An experiment was performed to test the precision of the AFE system while manipulating the parameters of the simulated hardware. By increasing the minimum word length, the number of words derived from the training set of documents decreases. When the minimum word length is too short, however, many words are rejected by the algorithms as insignificant. This distribution of word lengths is shown in Figure 6.

## Performance Metrics

Performance of the classification system is defined by the use of the metrics precision and recall. For a given class, precision is defined as the number of documents correctly retrieved in that class divided by the total number of documents retrieved, whether correctly assigned to the class or not.

> C = set documents for a single class D = number documents in C retrieved F = number documents not in C retrieved D + F = total number documents in classification Precision of C = D/(D + F)
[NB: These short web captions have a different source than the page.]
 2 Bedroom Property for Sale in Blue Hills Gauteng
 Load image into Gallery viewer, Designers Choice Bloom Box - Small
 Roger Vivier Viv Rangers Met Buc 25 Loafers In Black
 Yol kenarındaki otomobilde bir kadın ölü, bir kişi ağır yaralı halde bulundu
For a given class, Recall is defined as the ratio of the number of documents correctly retrieved in that class, divided by the total number of documents that could have been correctly retrieved in the class.

C = class of documents

- D = number documents C retrieved
- E = number documents in C not retrieved
- |C| = D + E (total number of documents in C)

Recall of C = D/(D + E)

## Thresholds for Less Confusion

Thresholds were used in the classification of documents for individual runs. In the training phase of a run, the least correct classification of a document was used as a minimum for a classification in the testing phase. Thresholds insure that there is a minimum score required for classification. Forcing a classification of all documents will lead to misclassification. The end user of the AFE system should not have to sift through huge volumes of unwanted data. The use of a threshold for classification insures that a document is only classified if there is high confidence that it matches a concept.

#### Results of Analysis

In the analysis of the experiment, the optimal thresholds for each run were determined individually. A confusion matrix was calculated for both the training data and the test data. For example, Figure 7 shows a confusion matrix for a run of the MI algorithm with the parameter setting of: minimum word length = 5, count bit resolution = 2, score table resolution = 8, and dimensionality = 3000. Figure 8 shows the confusion matrix for the testing side of the run. No documents used for training were used in the data processed testing. Note that the system maintains good classification as evidenced by the large numbers of correctly classified documents on the diagonal.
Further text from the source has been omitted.